The Future Starts Now: Expert Insights into the Future of Business, Technology and Society
Theo Priestley and Bronwyn Williams, Bloomsbury Business, 2021
With a huge focus on change and turmoil as a result of the pandemic, the timing of this book could not be better. “Never before has the pace of change been so fast and yet it will never again be so slow,” Darren Roos, CEO of enterprise software firm, IFS writes in his forward to The Future Starts Now. “It shone a spotlight on the socio-economic divide, differing political value systems, growing nationalism, and climate change but most of all, it highlighted the speed with which the world can change. No longer can we reflect on the future as a point in time that may never arrive.”
In this fascinating multi-contributor book, editors Priestley and Williams sought to go further than the usual visions of the future (which they point out are either overly optimistic or overly pessimistic) and instead focus on the power to change “the future of the future” to one that works for more of us.
To explore these themes, the editors selected a group of futurists from all over the world to get readers thinking about the futures they don’t want to live in, as well as those they want to create, suggesting a number of actionable solutions that can be implemented now to help to get ourselves, our businesses and our societies there. The book’s five parts include essays on information technology and policy, artificial intelligence, economic strategy, education, robots, psychology and longevity.
Theo Priestley is a globally recognised futurist and international speaker and author on the future of business, technology and society. He has delivered keynotes at an array of conferences and corporate events, and is a contributor to Forbes and Wired. Bronwyn Williams is a leading futurist and trend analyst. A TEDx fellow, writer and frequent media commentator. She has presented and consulted to businesses, governments and academic institutions across Africa, Europe and the Middle East.

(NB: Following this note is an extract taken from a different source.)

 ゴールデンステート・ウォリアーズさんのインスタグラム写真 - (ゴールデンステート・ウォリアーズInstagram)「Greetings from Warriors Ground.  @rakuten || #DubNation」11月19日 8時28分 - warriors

Priestley and Williams’ core proposition is that the entire notion of predicting a specific, deterministic future is flawed from the get-go and that “most people who try end up being embarrassingly wrong”.

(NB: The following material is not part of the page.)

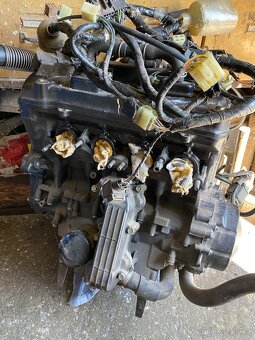Motor Honda 600 - 7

Instead we should be “mapping out a plethora of potential futures precisely so that we may do battle, here in the present, to encourage the good outcomes and deter the bad ones”.

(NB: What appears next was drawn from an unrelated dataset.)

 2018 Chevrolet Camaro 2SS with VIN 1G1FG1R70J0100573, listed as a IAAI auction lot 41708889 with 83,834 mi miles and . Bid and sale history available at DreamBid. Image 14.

The parallels with organisational resilience are striking. So, too, are those with forward-looking insurers underwriting the new risks that progress inevitably brings about. I will therefore boldly predict that Bloomsbury’s latest book will be popular with readers from across the entire business risk spectrum.
Somewhat poetically, this book is not yet available, but it will be in April, when it is published in hardback and ebook formats in the UK; and in June in the US.